I don't really get that. Are you saying that introducing social conflict into HERO would cause such enforcement of certain reactions that players wouldn't be able to roleplay? I can assure you that's not the experience I've had whatsoever in games that allow for social conflict.

 

 

Not quite; what I'm suggesting is that this could go two ways - either the player has input into the actual social interaction itself (as opposed to the setup) and social interaction mechanics then better define the bonus/penalty that involves OR the player doesn't have input into the attempt (other than in the setup) and simply relies on the skills of the character. If you go the latter route, then, yes, I think that many opportunities for roleplaying might be avoided.

 

Mind you I'm also concerned about mechanising the process too much (which could be the result of the first approach), or you'll wind up, as I've seen with PRE attacks, with players going down the list, working out which bonuses they can either claim or engineer into the situation.

 

Either way, when it comes down to it, there is still a roll, and it decides what happens.

 

I do believe that an informed but freeform approach allows for the greatest degree of expression, without sacrificing consistency and detail, but maybe I've been lucky with my GMs and players.
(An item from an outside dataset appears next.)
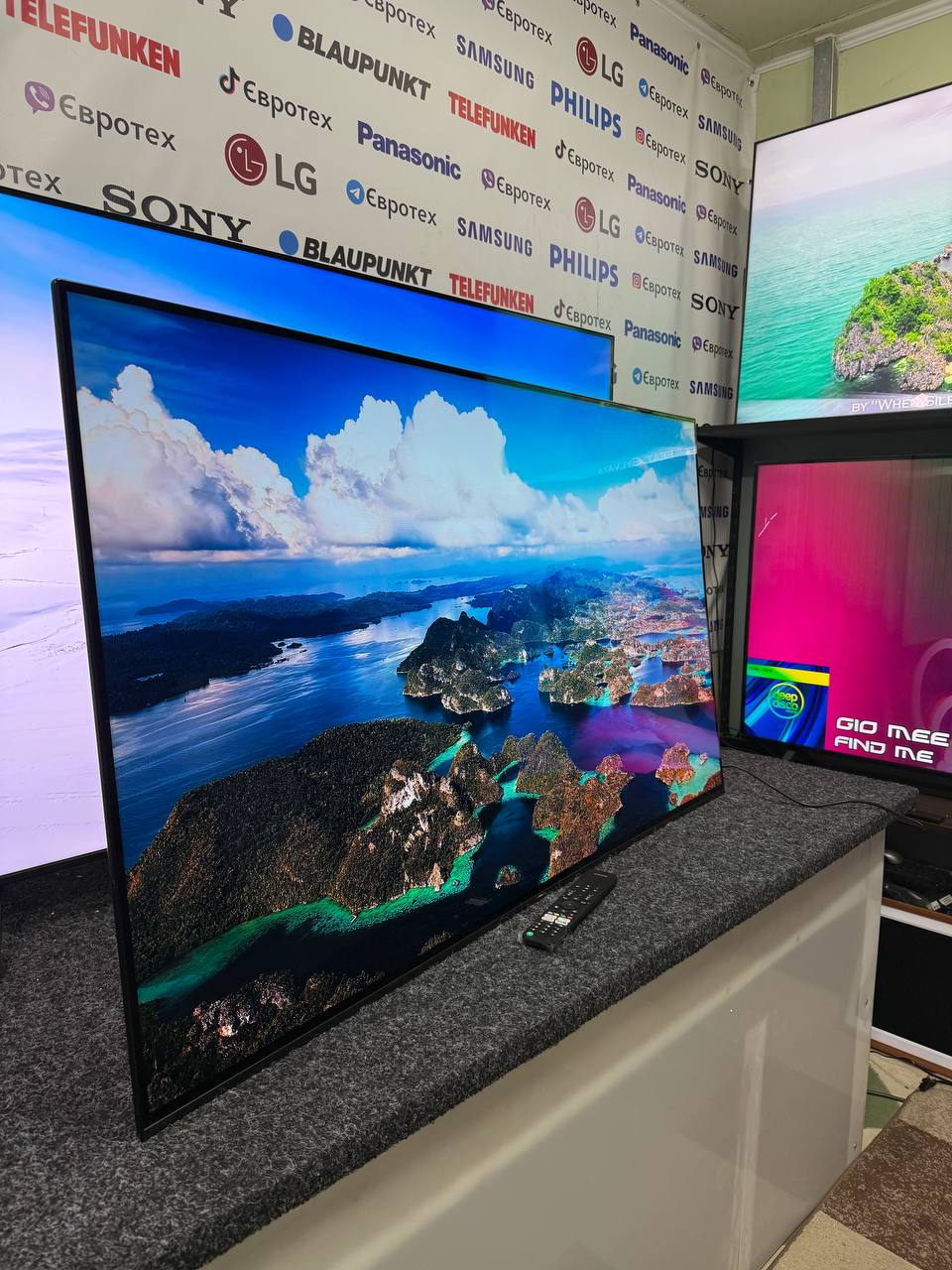 Телевізор вживаний Sony KD-55AF9 OLED 4K - фото 3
There are many situations where either the social interaction doesn't really matter (and is there for colour, interest and, often, humour), and other situations where it does matter, but a certain approach is bound to succeed: if you have a map that Baron Hardhat believes is a treasure map, and you offer it to him in exchange for a hostage, he's GOING to accept, it is just a matter of how he can best turn it to his advantage.

 

For consistency, what I tend to do is randomly roll dice during the conversation between PC and NPC, and glance at them. Sometimes the result matters, and sometimes it doesn't, but the overall shape of th esocial interaction is determined by the actions of th eplayer: it is only the things that could genuinely go either way that I need the dice for...and they have no idea which bits COULD go either way.

 

Interesting point on freewill, isn't it: is it more important to have freewill, or believe you do?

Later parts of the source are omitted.